Großvater liebt Doper
Auf den Fall des gedopten chinesischen Schwimmers Sun Yang gibt es zwei Sichtweisen: die des Weltverbandes und die des internationalen Sportgerichtshofes (Cas). Ersterer sprach gleich am Anfang der Affäre eine Verwarnung aus und wollte die Sache ansonsten unauffällig unter den Tisch kehren. Der Cas dagegen sperrte Sun am Freitag für acht Jahre. Schwer zu übersehen ist die Differenz zwischen diesen beiden Urteilen. Wie konnte es zu derart unterschiedlichen Strafen kommen?
Das hat im Wesentlichen mit zwei älteren Herren zu tun. An der Spitze des Schwimm-Weltverbands Fina sitzen der Präsident Julio César Maglione, 84, aus Uruguay und sein Generaldirektor Cornel Marculescu, 78, aus Rumänien. Die beiden haben klassische Funktionärskarrieren hinter sich. An ihren Stühlen kleben sie wie die Schnecke am Salatblatt. Reformer oder gar Visionäre strafen sie mit Ignoranz. Doping ist für sie ein Kavaliersdelikt. Marculescu bezeichnete Sun Yang während der Olympischen Spiele 2016 in Rio de Janeiro als sehr guten Freund des chinesischen Schwimmteams. Als ihn der Rumäne bei der Siegerehrung umarmte, habe er ihn angeschaut wie ein Großvater. Als Sun 2014 mit dem Herzmittel Trimetazidin im Körper erwischt wurde, bezeichnete Marculescu das als „kleineren Unfall mit Doping“und fragte, ob man deshalb Stars von einer WM ausschließen solle.

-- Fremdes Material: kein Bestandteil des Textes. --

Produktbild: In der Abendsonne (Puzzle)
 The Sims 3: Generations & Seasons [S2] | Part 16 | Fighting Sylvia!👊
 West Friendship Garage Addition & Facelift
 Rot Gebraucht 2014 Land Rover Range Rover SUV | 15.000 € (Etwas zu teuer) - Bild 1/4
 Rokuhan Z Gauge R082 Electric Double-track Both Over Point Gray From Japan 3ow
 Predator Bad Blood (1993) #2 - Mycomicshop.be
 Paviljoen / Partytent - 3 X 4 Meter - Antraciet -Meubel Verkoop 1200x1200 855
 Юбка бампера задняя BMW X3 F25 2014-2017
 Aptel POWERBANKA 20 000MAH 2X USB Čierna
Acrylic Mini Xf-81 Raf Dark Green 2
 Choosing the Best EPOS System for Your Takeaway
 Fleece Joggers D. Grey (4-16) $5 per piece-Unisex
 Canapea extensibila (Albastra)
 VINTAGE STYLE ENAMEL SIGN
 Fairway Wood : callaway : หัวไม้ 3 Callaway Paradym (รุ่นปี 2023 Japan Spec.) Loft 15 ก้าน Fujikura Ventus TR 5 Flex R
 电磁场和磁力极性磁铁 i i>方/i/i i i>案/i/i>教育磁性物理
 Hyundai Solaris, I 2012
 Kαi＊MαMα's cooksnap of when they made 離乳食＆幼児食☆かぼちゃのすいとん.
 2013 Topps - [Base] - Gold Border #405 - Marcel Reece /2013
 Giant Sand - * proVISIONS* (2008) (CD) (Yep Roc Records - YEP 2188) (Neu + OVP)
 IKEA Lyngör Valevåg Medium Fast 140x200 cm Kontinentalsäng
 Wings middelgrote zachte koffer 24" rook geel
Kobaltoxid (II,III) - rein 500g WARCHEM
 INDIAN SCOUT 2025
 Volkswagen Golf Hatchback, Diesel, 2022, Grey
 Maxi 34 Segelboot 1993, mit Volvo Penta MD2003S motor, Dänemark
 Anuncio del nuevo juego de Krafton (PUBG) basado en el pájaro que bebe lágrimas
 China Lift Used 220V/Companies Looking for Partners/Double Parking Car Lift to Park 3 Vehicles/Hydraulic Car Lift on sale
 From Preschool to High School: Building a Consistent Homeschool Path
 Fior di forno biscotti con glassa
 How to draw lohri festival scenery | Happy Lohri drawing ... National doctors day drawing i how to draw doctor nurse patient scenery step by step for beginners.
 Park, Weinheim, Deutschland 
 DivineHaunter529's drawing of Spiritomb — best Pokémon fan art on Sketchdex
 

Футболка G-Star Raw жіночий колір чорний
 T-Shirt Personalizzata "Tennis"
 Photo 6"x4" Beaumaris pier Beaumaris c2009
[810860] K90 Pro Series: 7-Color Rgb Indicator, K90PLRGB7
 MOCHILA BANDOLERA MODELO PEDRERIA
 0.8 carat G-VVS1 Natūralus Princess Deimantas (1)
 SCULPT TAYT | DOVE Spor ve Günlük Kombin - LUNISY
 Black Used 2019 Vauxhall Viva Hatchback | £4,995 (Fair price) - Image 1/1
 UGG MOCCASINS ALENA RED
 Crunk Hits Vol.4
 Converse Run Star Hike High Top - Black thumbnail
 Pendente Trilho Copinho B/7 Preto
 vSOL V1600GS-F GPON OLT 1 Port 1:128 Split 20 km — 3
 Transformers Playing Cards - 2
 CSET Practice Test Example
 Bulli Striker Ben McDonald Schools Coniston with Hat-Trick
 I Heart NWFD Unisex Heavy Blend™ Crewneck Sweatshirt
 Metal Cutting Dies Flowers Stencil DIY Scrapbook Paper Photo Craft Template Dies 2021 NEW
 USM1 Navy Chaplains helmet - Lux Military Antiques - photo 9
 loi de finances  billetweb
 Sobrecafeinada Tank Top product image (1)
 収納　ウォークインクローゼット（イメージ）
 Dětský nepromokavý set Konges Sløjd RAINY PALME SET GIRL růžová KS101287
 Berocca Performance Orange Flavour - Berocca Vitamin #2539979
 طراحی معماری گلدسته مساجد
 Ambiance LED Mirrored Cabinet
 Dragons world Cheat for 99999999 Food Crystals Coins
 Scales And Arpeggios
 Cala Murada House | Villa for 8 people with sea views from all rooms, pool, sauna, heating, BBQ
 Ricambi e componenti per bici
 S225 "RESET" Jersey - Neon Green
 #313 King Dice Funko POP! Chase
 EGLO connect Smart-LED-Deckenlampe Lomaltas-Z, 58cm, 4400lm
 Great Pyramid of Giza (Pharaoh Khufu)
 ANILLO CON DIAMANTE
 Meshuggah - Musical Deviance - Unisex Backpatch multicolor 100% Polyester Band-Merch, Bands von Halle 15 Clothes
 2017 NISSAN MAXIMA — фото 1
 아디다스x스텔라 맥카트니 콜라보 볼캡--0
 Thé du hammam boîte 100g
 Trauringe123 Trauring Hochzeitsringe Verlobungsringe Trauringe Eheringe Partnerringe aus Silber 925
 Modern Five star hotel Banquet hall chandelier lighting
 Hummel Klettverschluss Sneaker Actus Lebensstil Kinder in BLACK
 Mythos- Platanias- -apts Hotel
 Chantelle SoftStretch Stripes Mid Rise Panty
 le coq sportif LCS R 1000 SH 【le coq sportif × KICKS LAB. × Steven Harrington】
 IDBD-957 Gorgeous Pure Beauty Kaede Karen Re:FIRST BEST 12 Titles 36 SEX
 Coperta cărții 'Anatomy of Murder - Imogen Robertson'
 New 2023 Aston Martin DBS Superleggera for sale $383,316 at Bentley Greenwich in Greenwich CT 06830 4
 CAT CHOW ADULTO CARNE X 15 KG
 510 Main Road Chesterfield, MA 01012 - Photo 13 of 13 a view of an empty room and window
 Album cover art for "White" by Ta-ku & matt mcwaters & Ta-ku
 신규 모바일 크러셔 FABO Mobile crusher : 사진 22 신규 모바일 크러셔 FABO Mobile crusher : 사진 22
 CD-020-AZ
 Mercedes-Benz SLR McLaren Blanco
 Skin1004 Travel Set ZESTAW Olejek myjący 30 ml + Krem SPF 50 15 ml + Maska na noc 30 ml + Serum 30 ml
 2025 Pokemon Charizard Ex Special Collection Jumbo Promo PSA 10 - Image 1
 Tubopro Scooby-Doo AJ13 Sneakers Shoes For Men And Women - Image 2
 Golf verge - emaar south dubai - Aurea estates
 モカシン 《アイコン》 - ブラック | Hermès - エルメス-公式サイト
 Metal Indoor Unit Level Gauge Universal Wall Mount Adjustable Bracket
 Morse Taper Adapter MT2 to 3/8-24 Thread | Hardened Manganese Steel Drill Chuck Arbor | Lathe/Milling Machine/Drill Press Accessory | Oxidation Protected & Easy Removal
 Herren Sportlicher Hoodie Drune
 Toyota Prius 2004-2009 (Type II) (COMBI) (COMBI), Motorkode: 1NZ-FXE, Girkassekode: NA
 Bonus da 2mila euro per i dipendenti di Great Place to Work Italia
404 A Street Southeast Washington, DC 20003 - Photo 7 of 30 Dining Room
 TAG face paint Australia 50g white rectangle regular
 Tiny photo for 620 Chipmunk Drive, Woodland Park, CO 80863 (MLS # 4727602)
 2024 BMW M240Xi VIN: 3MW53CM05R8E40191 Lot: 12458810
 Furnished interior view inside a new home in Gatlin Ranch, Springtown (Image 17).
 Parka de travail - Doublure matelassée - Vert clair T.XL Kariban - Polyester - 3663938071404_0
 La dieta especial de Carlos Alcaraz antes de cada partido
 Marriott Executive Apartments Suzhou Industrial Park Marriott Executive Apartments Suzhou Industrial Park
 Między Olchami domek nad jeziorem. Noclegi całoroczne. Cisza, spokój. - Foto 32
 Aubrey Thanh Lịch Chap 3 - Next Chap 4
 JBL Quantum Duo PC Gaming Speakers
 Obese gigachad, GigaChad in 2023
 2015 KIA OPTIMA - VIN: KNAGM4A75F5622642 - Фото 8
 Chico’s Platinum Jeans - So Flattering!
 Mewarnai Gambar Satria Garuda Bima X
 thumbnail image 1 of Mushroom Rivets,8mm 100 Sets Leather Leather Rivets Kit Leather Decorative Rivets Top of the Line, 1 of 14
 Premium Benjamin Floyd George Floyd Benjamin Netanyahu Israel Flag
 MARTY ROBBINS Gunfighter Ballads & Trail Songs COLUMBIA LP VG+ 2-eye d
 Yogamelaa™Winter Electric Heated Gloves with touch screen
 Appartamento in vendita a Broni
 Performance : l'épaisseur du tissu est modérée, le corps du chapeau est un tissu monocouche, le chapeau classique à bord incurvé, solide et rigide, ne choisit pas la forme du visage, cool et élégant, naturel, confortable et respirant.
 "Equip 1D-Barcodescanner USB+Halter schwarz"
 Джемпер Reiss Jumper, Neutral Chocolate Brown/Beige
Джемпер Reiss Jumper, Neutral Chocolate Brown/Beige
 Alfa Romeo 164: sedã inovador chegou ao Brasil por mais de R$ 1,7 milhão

Bei so viel großväterlicher Liebe könne man Fünfe doch auch mal gerade sein lassen, dachte sich die Fina-Spitze wohl, als sie vier Jahre später den nächsten Sündenfall des Chinesen auf den Tisch bekam. Der schwedische Anti-DopingDienstleister IDTM hatte die Geschehnisse rund um die mit einem Hammer zerstörte Dopingprobe auf 59 Seiten zusammengefasst. Der Weltverband wollte den Report in der Schublade verschwinden lassen. Dumm nur, dass ein Informant das Material dem australischen Daily Telegraph zuspielte.
Seitdem gärt und giftet der Fall vor sich hin. Sun Yang durfte trotz drohender Sperre bei der WM im vergangenen Jahr starten und gewann zweimal Gold. Als ihn andere Schwimmer auf dem Podest ignorierten und den Handschlag verweigerten, wurden sie von der Fina verwarnt. Derartige Gesten oder Statements seien unerwünscht.
Schallender könnte aber die Ohrfeige kaum sein, die die Fina nun kassiert hat. Es sind nicht die protestierenden Sportler, die unerwünscht sind. Es sind Funktionäre, wie sie an der Spitze des Verbandes sitzen.